Si noti che partiamo parlando di postura e non di posizionamento, dato che quest’ultimo influenza in grado minore le conseguenze della postura: in altre parole, si possono avere posture pericolose indipendentemente dal posizionamento che il corpo assume durante il lavoro.
Potrà sembrare strano che, studiando la postura, non si parta dal suggerimento di una postura ideale, migliore di ogni altra. Per quanto negli anni, e da parte di diversi autori, siano state suggerite molte posture “altamente raccomandabili”, rimane in realtà fondamentale comprendere quale sia la postura accuratamente da evitare. Questo perché, sia pur raccomandabile in astratto, qualunque postura diviene dannosa quando sia mantenuta troppo a lungo. Da qui nasce il concetto di “postura peggiore”: si tratta di quella che rimane inalterata per periodi prolungati, a partire da 8-10 minuti ininterrotti.
Da tener presente, pertanto, che, pur essendo importante evitare posture di per sé chiaramente inadeguate (torsione del collo e della spalla, eccessiva inclinazione destra o sinistra, avambracci e gomiti troppo alti), quello che rende concretamente pericolose tali posture riguarda la continuità, priva di modifiche, anche minime. Ed ecco, pertanto, il consiglio più semplice ed efficace per evitare danni artro-osteo-tendinei: variare, anche per valori minimali, ogni posizione assunta per meglio lavorare. Dicendo questo ben si comprende come non elenchiamo alcuna postura “cattiva” di per sé. Sapendo, oltretutto, che è irrealistico pensare che certe posture “cattive” possano essere sempre evitate, la raccomandazione fondamentale e realistica è una sola: che tale postura non venga mantenuta oltre gli 8-10 minuti…dopodiché la si cambia, sia pure di pochissimo.
Quali sono le misure attive da applicare per difendersi da conseguenze, talora gravi, di una postura inappropriata?
Trattando di queste misure dobbiamo riferirci, tra gli elementi pericolosi del nostro lavoro, anche a fattori molto complessi, tutti raccolti nel termine riassuntivo di “fattori stressanti”. Alla base degli stress più gravi e diffusi si trova, senza dubbio, il “fattore mentale”, ottavo tra i cosiddetti “movimenti elementari” dell’ergonomia odontoiatrica (classifica Work Factor). A sua volta questo è influenzato da co-fattori, interdipendenti tra loro: il lavoro confinato, di fronte a pazienti ansiosi o fobici, la doverosa attenzione protratta, la pericolosità di molte procedure e via elencando.
Ebbene, è ormai universamente dimostrato e accettato che la maniera migliore per compensare tutti questi elementi negativi sia l’attività fisica intra-professionale, cioè svolta al termine di ogni seduta terapeutica, tra un paziente e il successivo.

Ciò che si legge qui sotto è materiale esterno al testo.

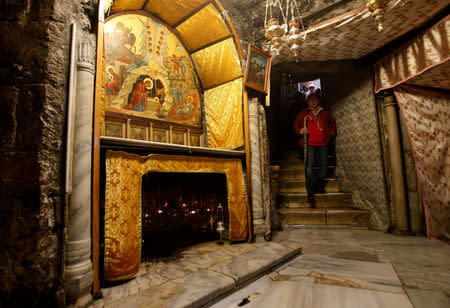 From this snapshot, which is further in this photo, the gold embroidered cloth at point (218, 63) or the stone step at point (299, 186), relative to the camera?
the stone step at point (299, 186)

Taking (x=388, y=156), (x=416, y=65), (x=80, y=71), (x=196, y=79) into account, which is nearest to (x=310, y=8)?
(x=416, y=65)

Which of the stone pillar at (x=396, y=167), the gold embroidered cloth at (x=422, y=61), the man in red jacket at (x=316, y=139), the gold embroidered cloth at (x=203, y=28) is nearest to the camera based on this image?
the gold embroidered cloth at (x=422, y=61)

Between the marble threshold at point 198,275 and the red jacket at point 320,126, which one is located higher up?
the red jacket at point 320,126

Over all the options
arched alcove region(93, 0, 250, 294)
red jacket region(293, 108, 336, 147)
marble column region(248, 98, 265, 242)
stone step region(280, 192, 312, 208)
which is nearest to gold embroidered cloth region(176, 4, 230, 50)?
arched alcove region(93, 0, 250, 294)

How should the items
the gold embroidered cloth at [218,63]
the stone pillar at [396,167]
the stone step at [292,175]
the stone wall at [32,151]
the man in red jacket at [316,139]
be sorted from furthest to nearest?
1. the stone step at [292,175]
2. the man in red jacket at [316,139]
3. the stone pillar at [396,167]
4. the gold embroidered cloth at [218,63]
5. the stone wall at [32,151]

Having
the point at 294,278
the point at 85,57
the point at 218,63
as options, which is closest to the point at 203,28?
the point at 218,63

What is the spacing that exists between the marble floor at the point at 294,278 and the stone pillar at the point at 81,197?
0.22 metres

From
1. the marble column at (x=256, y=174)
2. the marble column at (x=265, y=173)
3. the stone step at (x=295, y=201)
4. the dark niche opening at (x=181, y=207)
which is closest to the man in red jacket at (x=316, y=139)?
the stone step at (x=295, y=201)

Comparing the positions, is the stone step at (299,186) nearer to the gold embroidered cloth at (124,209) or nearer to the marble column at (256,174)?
the marble column at (256,174)

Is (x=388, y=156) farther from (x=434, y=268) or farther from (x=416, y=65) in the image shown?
(x=434, y=268)

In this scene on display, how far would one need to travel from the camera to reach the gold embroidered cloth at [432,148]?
3.18m

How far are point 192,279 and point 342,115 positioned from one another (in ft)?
15.5

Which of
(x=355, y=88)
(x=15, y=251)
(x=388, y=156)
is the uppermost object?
(x=355, y=88)

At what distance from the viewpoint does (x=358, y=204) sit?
4570 millimetres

Si tratta, cioè, di attrezzare in maniera semplicissima lo studio privato, in modo che in questa sede si possano effettuare misure elementari di stretching e di attività fisica compensatoria. Alludendo allo stretching riteniamo addirittura utilissimo eseguire qualche manovra di “stiramento” davanti al paziente, in sala operatoria, sempre attenendosi agli schemi cronologici minimi di 30-60 secondi per volta, da verificare, pertanto, guardando uno degli orologi-cronometri posti in ogni sala.

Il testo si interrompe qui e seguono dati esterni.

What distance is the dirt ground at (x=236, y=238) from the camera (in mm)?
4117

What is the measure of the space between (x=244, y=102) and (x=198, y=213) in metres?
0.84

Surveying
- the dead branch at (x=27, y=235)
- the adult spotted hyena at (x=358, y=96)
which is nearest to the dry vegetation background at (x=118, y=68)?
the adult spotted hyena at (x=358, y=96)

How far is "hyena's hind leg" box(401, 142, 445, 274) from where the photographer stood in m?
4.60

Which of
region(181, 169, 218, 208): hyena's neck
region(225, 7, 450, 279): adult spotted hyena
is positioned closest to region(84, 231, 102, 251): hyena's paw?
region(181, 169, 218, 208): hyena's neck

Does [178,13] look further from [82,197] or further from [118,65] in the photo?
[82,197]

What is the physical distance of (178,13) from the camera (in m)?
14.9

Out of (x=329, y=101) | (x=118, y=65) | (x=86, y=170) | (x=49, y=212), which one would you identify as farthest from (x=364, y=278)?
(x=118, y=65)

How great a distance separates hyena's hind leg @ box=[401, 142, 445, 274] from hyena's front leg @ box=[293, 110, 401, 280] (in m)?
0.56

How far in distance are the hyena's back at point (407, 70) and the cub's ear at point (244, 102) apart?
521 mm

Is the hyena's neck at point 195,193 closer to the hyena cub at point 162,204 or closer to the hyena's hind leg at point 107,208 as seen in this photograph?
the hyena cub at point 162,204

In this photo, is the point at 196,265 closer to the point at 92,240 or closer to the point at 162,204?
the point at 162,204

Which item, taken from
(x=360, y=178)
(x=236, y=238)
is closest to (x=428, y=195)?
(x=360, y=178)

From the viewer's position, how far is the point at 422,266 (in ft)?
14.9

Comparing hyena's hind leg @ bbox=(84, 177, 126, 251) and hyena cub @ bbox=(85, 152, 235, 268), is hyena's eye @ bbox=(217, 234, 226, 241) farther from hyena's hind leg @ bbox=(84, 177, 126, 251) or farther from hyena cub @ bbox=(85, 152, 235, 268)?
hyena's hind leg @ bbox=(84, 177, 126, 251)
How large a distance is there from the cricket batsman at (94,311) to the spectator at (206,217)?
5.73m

Oltre al vantaggio in sé, questi stretching hanno anche quello di dimostrare al paziente come sarà anche suo dovere il praticare ogni giorno, ed anche più volte, lo stretching, insieme ad altre modeste misure di attività fisica. Va infatti sempre tenuto presente che tra i complessi suggerimenti relativi alla prevenzione, c’è anche quello, per il dentista, di darne al paziente alcuni relativi ad una prevenzione globale, per un cosiddetto “stile di vita” ottimale. A questo riguardo è bene ricordare come, lungo tutta la sua vita, ogni persona entri in contatto, almeno una volta, con un dentista, cosa che non sempre accade per un medico di qualsiasi altra specialità.